Les démarches pour profiter de l’exonération de taxe foncière sont simples, mais encore faut-il savoir qu’on y a droit. Des milliers de retraités ont reçu un courrier semant la confusion sur ce sujet — ne pas attendre une lettre du fisc pour se renseigner.
Ces avantages peuvent se cumuler : voilà où ça devient vraiment intéressant
C’est là que beaucoup de retraités laissent de l’argent sur la table. Ces sept dispositifs ne s’excluent pas mutuellement. Selon votre situation, vous pouvez en combiner plusieurs.
Un retraité de 68 ans, aux revenus modestes, vivant seul et faisant appel à une aide à domicile peut cumuler : l’exonération totale d’impôt, l’abattement lié à l’âge, la demi-part supplémentaire et le crédit d’impôt services. Le résultat peut être spectaculaire.

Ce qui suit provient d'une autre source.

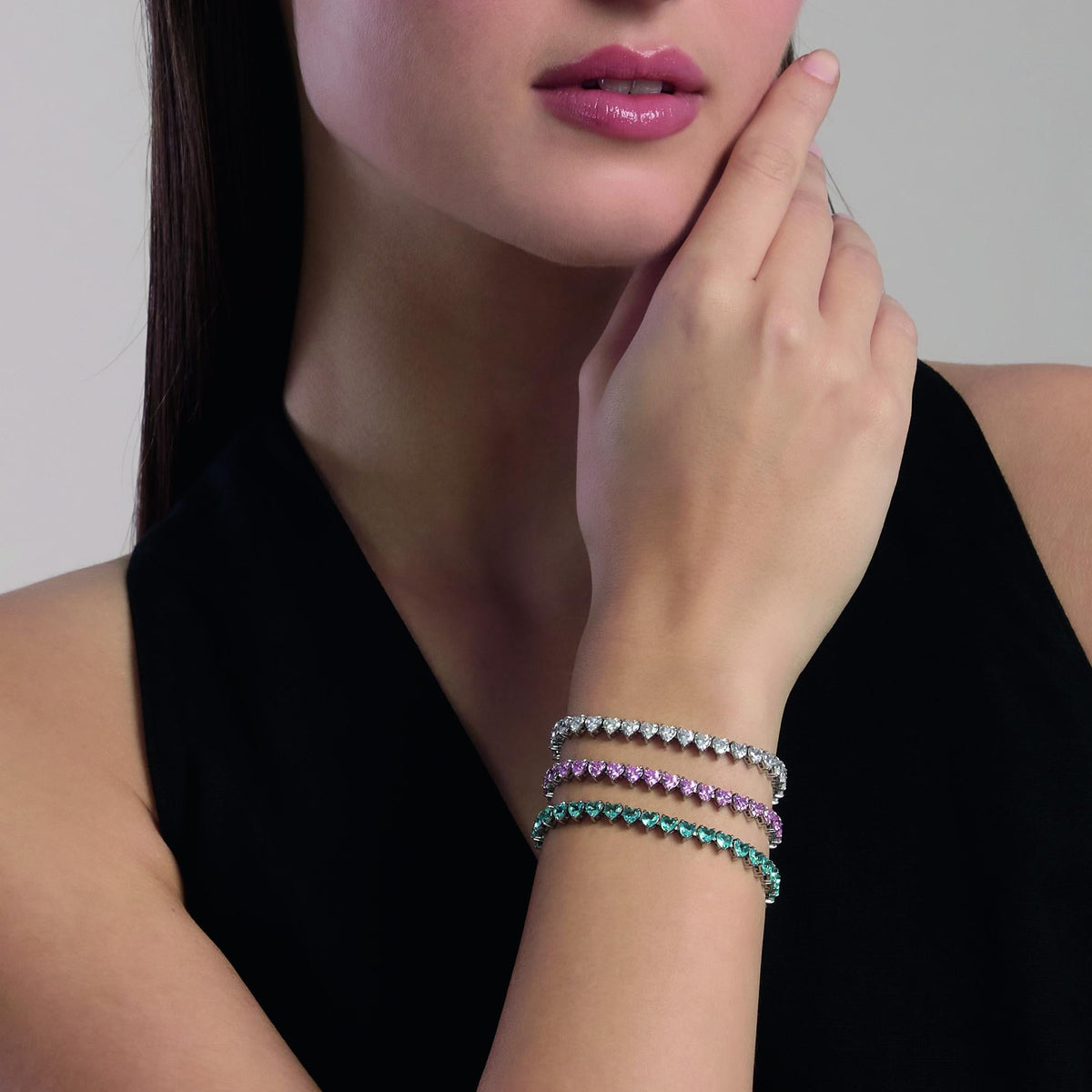 Bracciale tennis cuore con zirconi bianchi Style 60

Trois mécanismes méconnus permettent aux retraités d’économiser des milliers d’euros sur leurs impôts en 2026. Les identifier, c’est la première étape. Les appliquer correctement dans sa déclaration, c’est la seconde.

Comment ne pas rater ces exonérations lors de votre déclaration
La déclaration automatique existe pour certains profils — plus de 10 millions de Français n’auront rien à faire cette année. Mais attention : si vous relevez d’un dispositif d’exonération spécifique, il vaut mieux vérifier manuellement que tout est bien pris en compte.

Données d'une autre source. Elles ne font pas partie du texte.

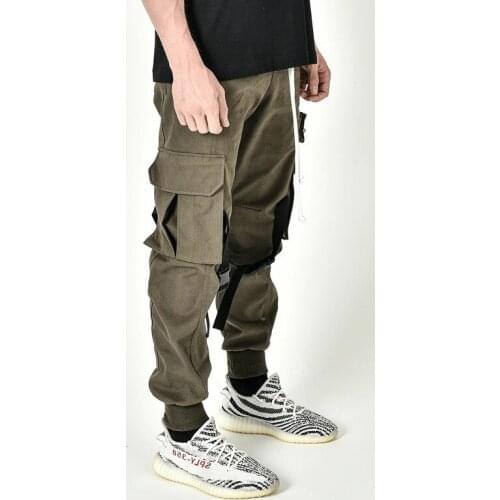 New Mens jogging cotton cargo pants Male autumn 2020 multi-pocket running jogging pants Mens fashion training cargo pants Men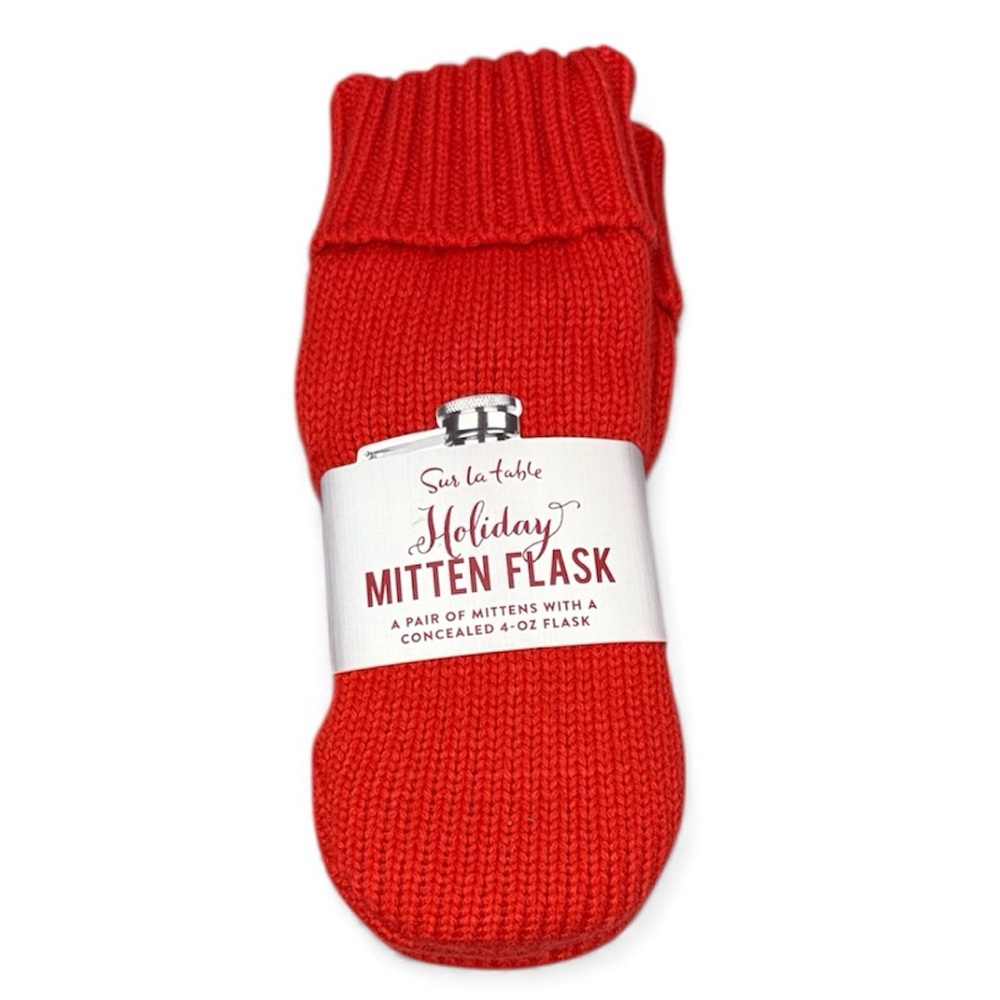 Sur La Table Red Holiday Knit Mitten with hidden Flask New NWT gift tailgate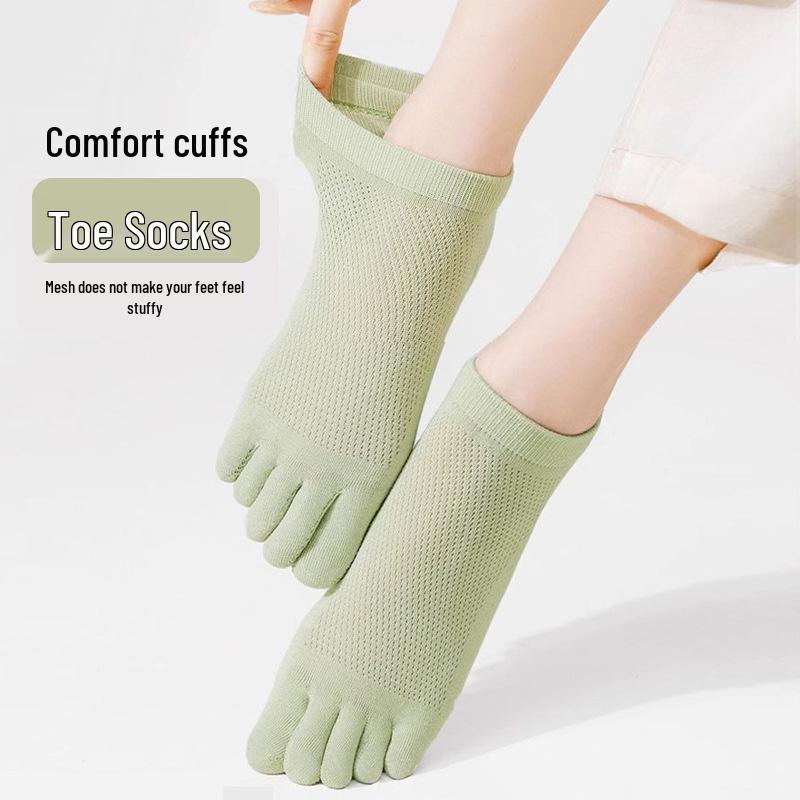 Damen Sommer Atmungsaktive Fünf-Zehen Netzsocken - Geruchshemmend, Dünne Baumwolle, Einfarbige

L’administration fiscale ne vient pas toujours spontanément vous dire que vous avez droit à tel ou tel avantage. C’est à vous de vérifier, ou à votre conseiller fiscal.
Quelques réflexes concrets s’imposent. Vérifier les cases 7WJ et 7WI pour les abattements seniors. Contrôler que la case L est cochée si vous êtes veuf ou veuve. Déclarer vos dépenses de services à domicile. Et surtout, ne pas oublier que une erreur sur votre déclaration peut avoir des conséquences sérieuses — dans un sens comme dans l’autre.
En 2026, la pression fiscale sur les retraités reste un sujet sensible. Une hausse d’impôts déguisée impacte déjà de nombreux retraités, et les nouveaux seuils de CSG peuvent faire baisser la pension nette malgré les revalorisations annoncées. Profiter de chaque exonération disponible n’est pas une option — c’est une nécessité.
Prenez le temps de relire votre déclaration avant de la valider. Ces quelques minutes peuvent valoir plusieurs centaines d’euros.